COMMON STOCK SUBSCRIPTION AGREEMENT

Contract Categories: Business Finance - Stock Agreements
EX-4.1 2 v020802_ex4-1.htm

COMMON STOCK SUBSCRIPTION AGREEMENT

The undersigned hereby subscribes for ______________ shares of common stock (the “Shares”) of Itec Environmental Group, Inc., a Delaware corporation (the “Company”).

The undersigned is aware that the Shares have not been registered under the Securities Act of 1933, as amended (the “Securities Act”), or any state securities laws, in reliance on exemptions from such registration.

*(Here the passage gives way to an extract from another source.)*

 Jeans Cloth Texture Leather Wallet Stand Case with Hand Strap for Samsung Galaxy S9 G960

The undersigned understands that reliance by the Company on such exemptions is predicated in part upon the truth and accuracy of the statements made by the undersigned in this Common Stock Subscription Agreement.

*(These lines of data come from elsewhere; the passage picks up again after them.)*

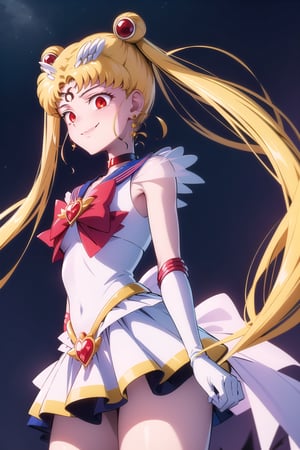 (best quality), (highly detailed), masterpiece, (official art),supersailormoon,red eyes,empty eyes:1.2, double bun, twintails, circlet, jewelry, earrings, choker, red bow, white gloves, elbow gloves, miniskirt,cowboy shot,crescent facial mark,edgGesugao,edgGesugao facial expression,evil smile:1.3,sadistic smile,looking dawn,side_view,dark_skin_female,looking_at_viewer,from below,
The overall atmosphere is dark and mysterious, with a sense of power and control emanating from her posture.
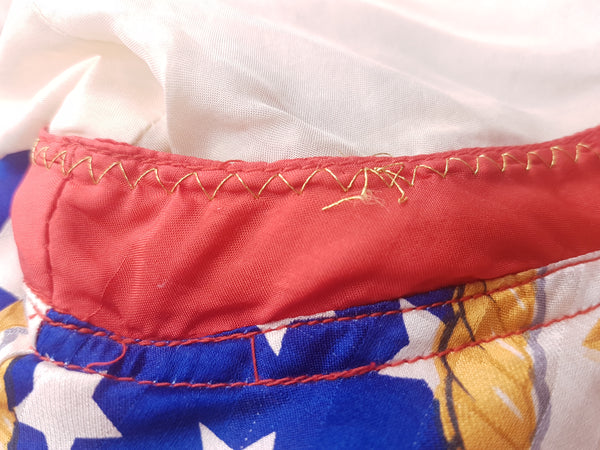 Vintage 80/90's | Mureli Pure Silk Bold USA flag & Chain Print Windbreaker Jacket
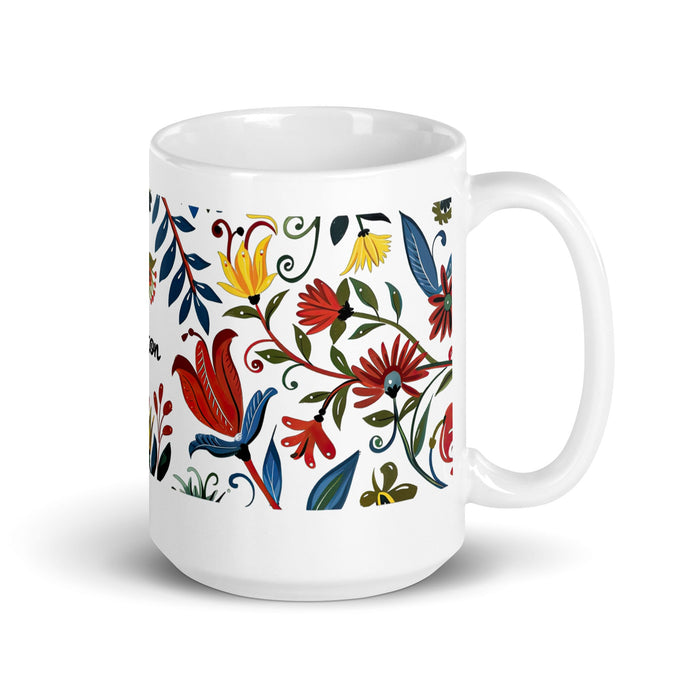 Ashton Exclusive Name Art Piece Home Office Work Coffee Mug Mexican Spanish Pride Gift Cup One - Of - A - Kind Calligraphy White Glossy Mug | A31 - Mexicada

The undersigned hereby represents and warrants that the undersigned:

(i)  either alone or with the assistance of the undersigned’s professional advisors, has such knowledge and experience in financial and business matters that the undersigned is capable of evaluating the merits and risks of the undersigned’s purchase of the Shares;

(ii)  has sufficient financial resources to be able to bear the risk of the undersigned’s investment in the Shares;

(iii)  has either spoken or met with, or been given reasonable opportunity to speak with or meet with, representatives of the Company for the purpose of asking questions of, and receiving answers and information from, such representatives concerning the undersigned’s investment in the Shares; and

(iv)  is an accredited investor as that term is defined in the Securities Act.

The undersigned hereby represents and warrants that the undersigned is purchasing the Shares for the undersigned’s own account for investment purposes and not with a view toward the sale or distribution of all or any part of the Shares. No one other than the undersigned has any beneficial interest in the Shares, except as provided by applicable community property laws.

The undersigned understands that because the Shares have not been registered under the Securities Act, (i) the Shares have the status of securities acquired in a transaction under Section 4(2) of the Securities Act; and (ii) the Shares cannot be sold unless the Shares are subsequently registered or an exemption from registration is available.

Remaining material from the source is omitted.